House Votes by State, Colored by Fifths with a Sequential Color Scheme House Votes by State, Colored by Percent with a Sequential Color Scheme

The map on the left is the same set of "fifths" that the LCV used, but colored according to its appropriate data type. You can immediately see at a glance which states had higher environmental voting scores for their House of Representatives members. You do not need to look at a "key" or muddle through attempting to interpret color choices with no inherent link to the rankings. This is immediately more informative than the original LCV map. However, it is still as misleading as the original LCV map.

This is corrected by the map on the right, which presents actual percentage scores by color intensity. Again, at a glance, you can see not only which states are stronger in environmental voting record but even just how much they are stronger or weaker than other states. Again, the misleading impressions given for states like Wisconsin vs. Michigan or Washington vs. Illinois are no longer misleading. They relationships are accurately portrayed.

I don't know why LCV presented their data as they did. I don't think they intended to mislead, but I can speculate a bit. First, very few people are given adequate training in proper data presentation. Use of proper color schemes for different data types is rarely taught in formal coursework. Sensitively to colorblindness is also rarely covered in the incidental information given on data presentation. Second, arbitrary and rigid categories are comforting and comfortable.
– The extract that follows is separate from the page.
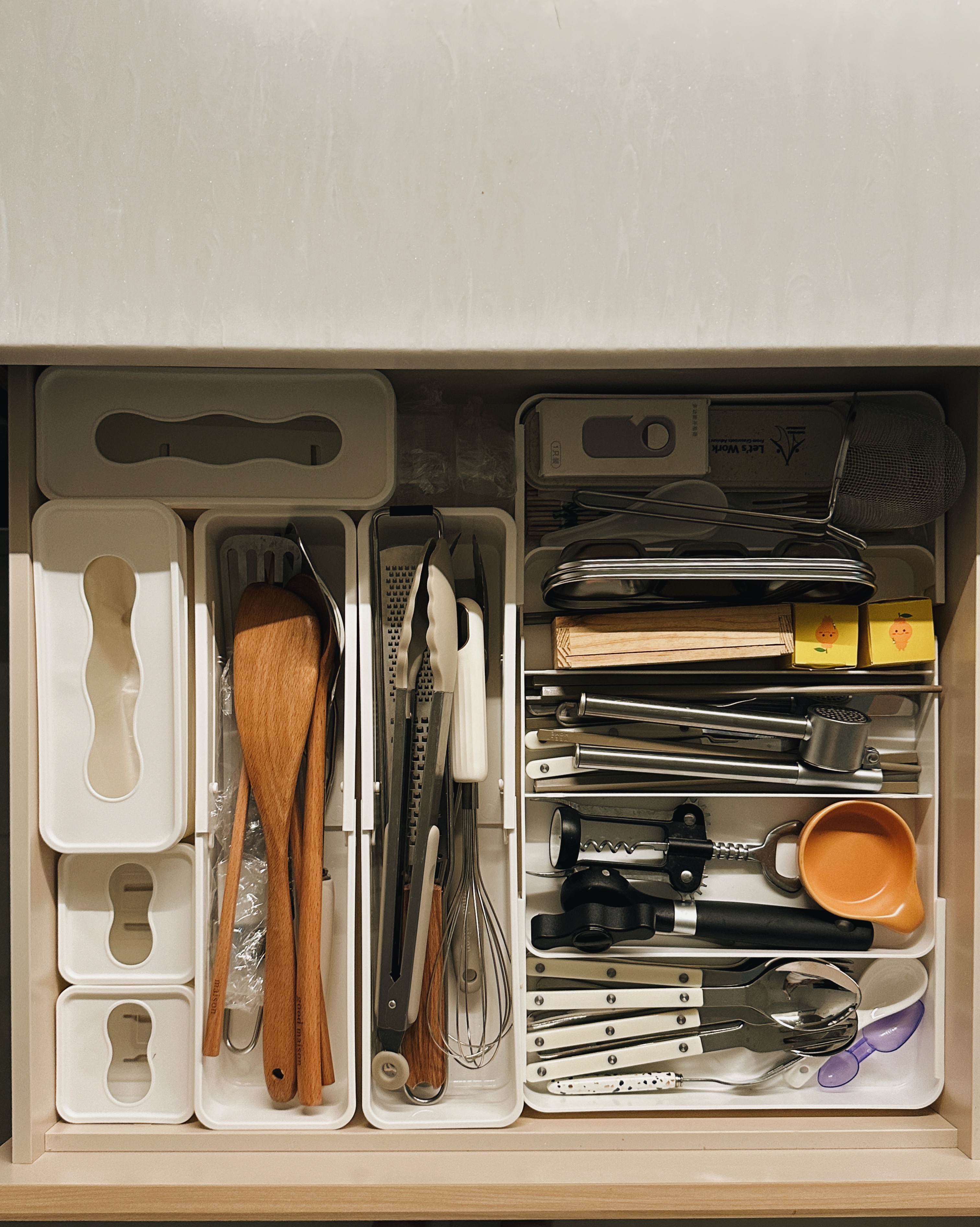 How We Make a Minimalist Kitchen Work for Us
We like to think that the world is nicely split up into "our side" and "the enemy". Admitting that situations can be more gradual, and that there might not be simplistic steps between "saved" and "damned" makes us uncomfortable. The politically dedicated are very often most prone to such thinking.

However, in the end, I can't claim to actually know motivations for bad data presentation choices, but I can offer suggestions on how to more accurately and more effectively present the data.